The answer is to be the data that follows, transcribed exactly, minus its pictures.

● LISTED RECORDS
*** Begin section ***

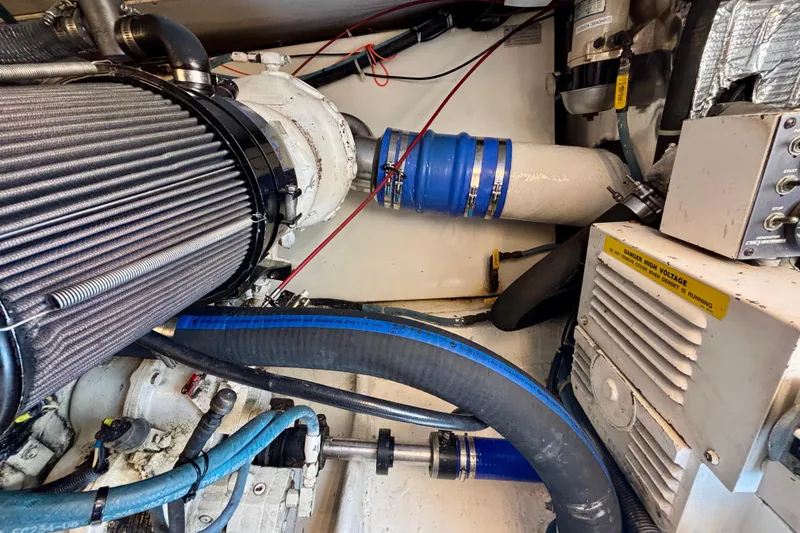 Slide: The Image of Engine room of a 1999 Ocean Yachts 45 Super Sport, showcasing mechanical components. - 30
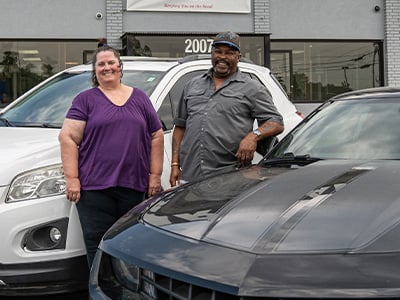 Robbie and Ricky McKoy with their two newest cars from Car-Mart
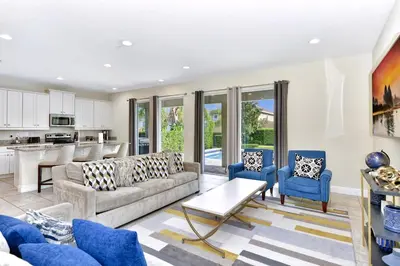 a living room with a couch and blue chairs at Glorious Home Near Disney With Private Pool, Game Room And Waterpark & Resort Access At Encore Resorts Reunion - 660La in Kissimmee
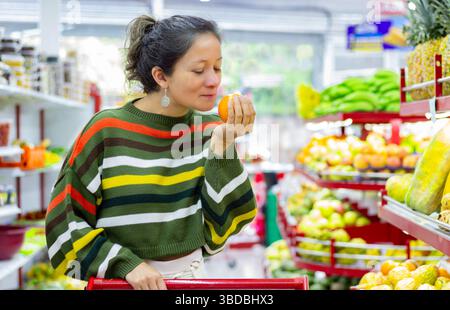 Frau, die eine frische Orange im Supermarkt riecht und die Fruchtqualität bewertet. Gesunder Lebensstil, achtsames Einkaufen, Naturkost, Lebensmittelgeschäft Stockfoto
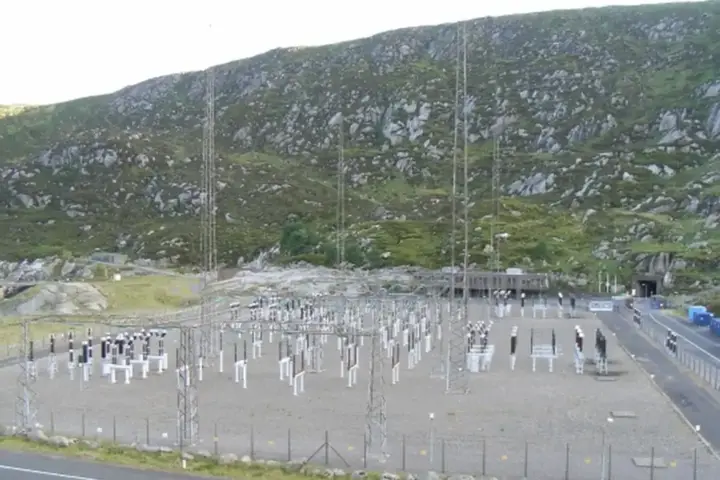 Pumped-storage hydroelectric power station switchyard set against a mountainous reservoir landscape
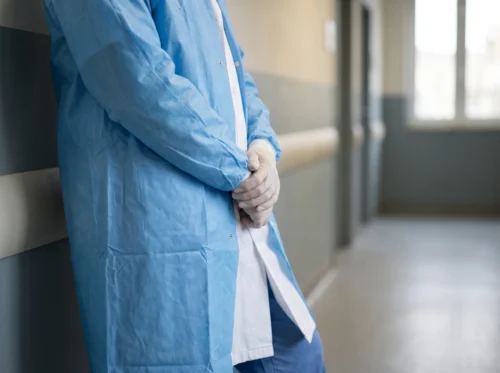 Lab coats and isolation gowns in use: white lab coat and blue reusable isolation gown by International Linens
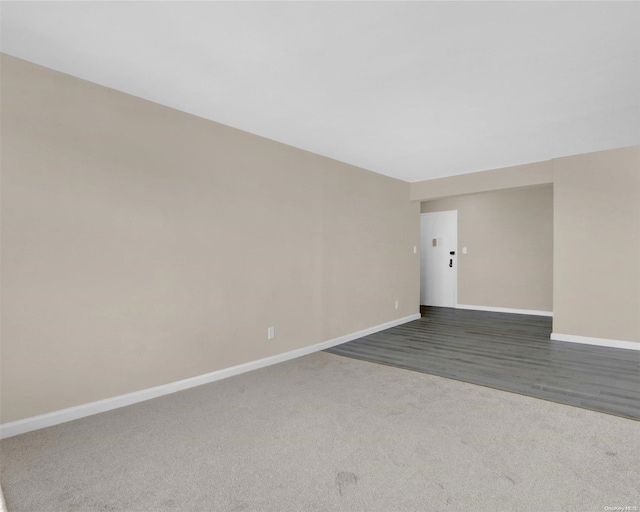 spare room featuring dark colored carpet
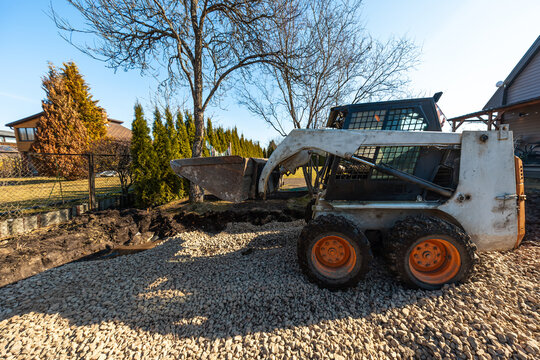 A compact skid steer with orange wheels raises a bucket on a gravel bed near a residential fence, arborvitae, and leafless trees, grading and excavating in cool daylight.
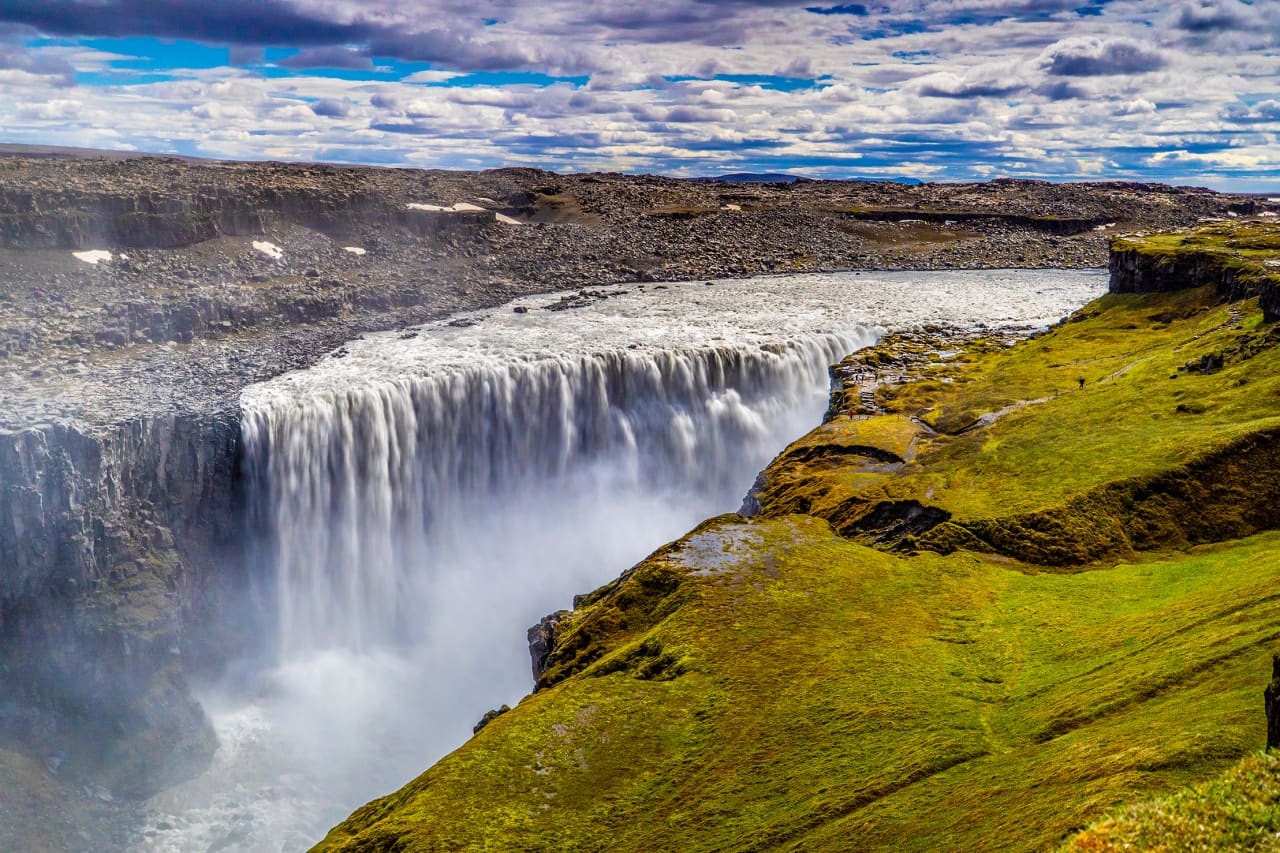 Dettifoss waterfall plunging into Jökulsárgljúfur canyon from the west-side viewpoint in North Iceland.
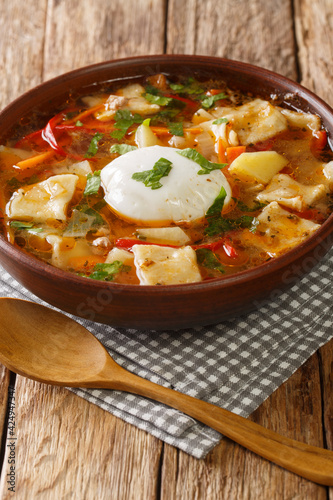 Pancutras Pantrucas is Chilean Soup with dumplings close up in the bowl on the table. Vertical photo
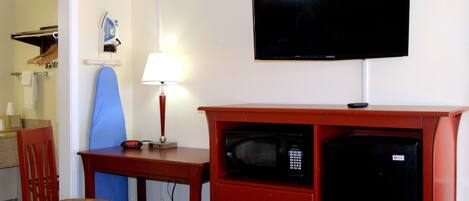 A hotel room with a TV, a microwave, a desk with a lamp, and a chair.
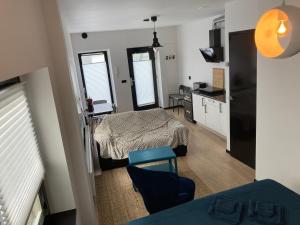 a living room with a bed and a kitchen at Dordrecht in Dordrecht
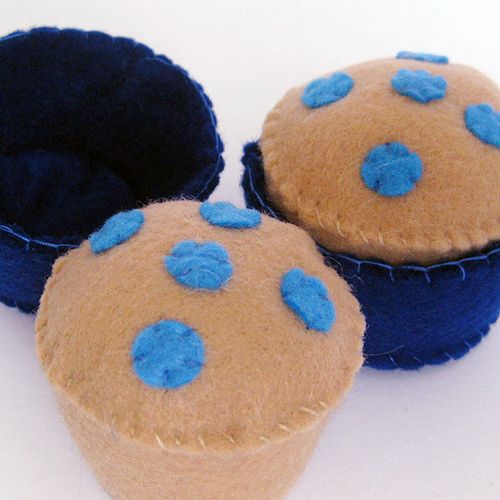 three small blue and brown cupcakes on a white surface with holes in the middle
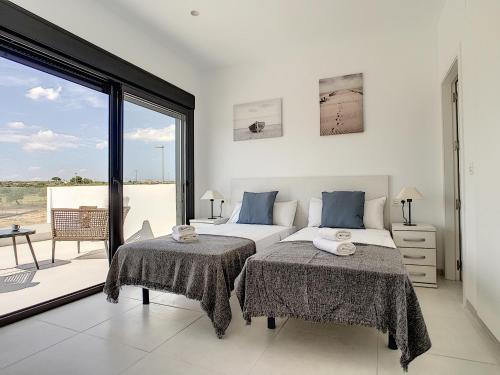 a bedroom with two beds and a large window at Villa sol - Sucina - 3909 in Sucina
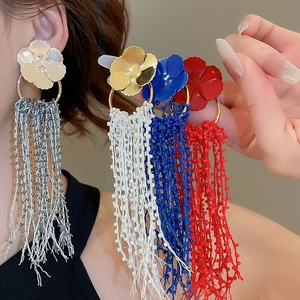 Macro detail of floral tassel earrings showing colorful painted petals and beaded fringe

*** End section ***

● RESPONSE AREA
 Slide: The Image of Engine room of a 1999 Ocean Yachts 45 Super Sport, showcasing mechanical components. - 30
 Robbie and Ricky McKoy with their two newest cars from Car-Mart
 a living room with a couch and blue chairs at Glorious Home Near Disney With Private Pool, Game Room And Waterpark & Resort Access At Encore Resorts Reunion - 660La in Kissimmee
 Frau, die eine frische Orange im Supermarkt riecht und die Fruchtqualität bewertet. Gesunder Lebensstil, achtsames Einkaufen, Naturkost, Lebensmittelgeschäft Stockfoto
 Pumped-storage hydroelectric power station switchyard set against a mountainous reservoir landscape
 Lab coats and isolation gowns in use: white lab coat and blue reusable isolation gown by International Linens
 spare room featuring dark colored carpet
 A compact skid steer with orange wheels raises a bucket on a gravel bed near a residential fence, arborvitae, and leafless trees, grading and excavating in cool daylight.
 Dettifoss waterfall plunging into Jökulsárgljúfur canyon from the west-side viewpoint in North Iceland.
 Pancutras Pantrucas is Chilean Soup with dumplings close up in the bowl on the table. Vertical photo
 A hotel room with a TV, a microwave, a desk with a lamp, and a chair.
 a living room with a bed and a kitchen at Dordrecht in Dordrecht
 three small blue and brown cupcakes on a white surface with holes in the middle
 a bedroom with two beds and a large window at Villa sol - Sucina - 3909 in Sucina
 Macro detail of floral tassel earrings showing colorful painted petals and beaded fringe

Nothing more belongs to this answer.